Local media reports indicate that officials first caught wind of the passes February 8 during the lunch period. The passes were modeled after the golden tickets first popularized in Roald Dahl's 1964 children's novel "Charlie and the Chocolate Factory."
In an email to parents, Principal Brandice Heckert condemned the offense, stating that she was "deeply disappointed and appalled that any student in our school would choose to engage in such a racist, hateful act."
"Not only is this behavior hurtful to our community, but it also undermines all the great attributes our students have to offer," the official added.
Bethesda Magazine reported that the passes were handed to roughly 15 students during the lunch period, before one concerned student took the matter to school officials.
Speaking to local news station WJLA, sophomore student Gavin Norman indicated that two of his friends had brought the passes to school as a "joke that maybe went a tiny bit too far at the most."
"One person saw it and got offended," Norman explained, stressing that he never actually "touched" the piece of paper.
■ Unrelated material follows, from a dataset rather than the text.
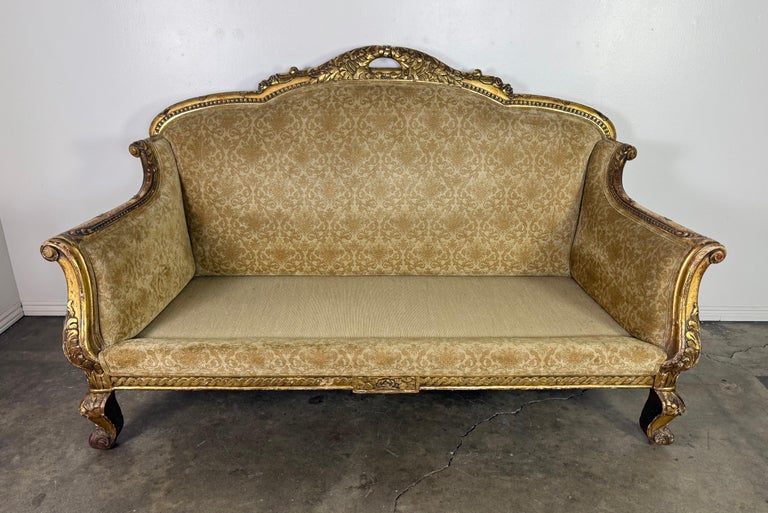 French Giltwood Sofa, Louis XV Style, Late 19th–Early 20th Century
The sophomore identified the concerned student as a black female.
Three of the primary students involved in the matter were described as a "mixed group" of races, according to the station, which reported that the pupils, in addition to others who handled the passes, were later disciplined.
The school has not publicly announced how said students were disciplined; however, Norman revealed that many of his friends received suspensions that varied from one to six days. Norman landed in detention because he failed to disclose information about the passes to school officials.
Moving forward, Heckert has informed parents that she will be starting a discussion "about how to foster a welcoming and respectful climate for all." The upcoming Parent, Teacher, Student Association meeting scheduled for February 19 will focus on "tolerance, racism and bias."
Two days before the lunch room discovery, two swastikas were found scribbled into a desk at the school. Heckert at the time told students that such behavior would "not be tolerated" and that the culprit would be disciplined in line with the Student Code of Conduct.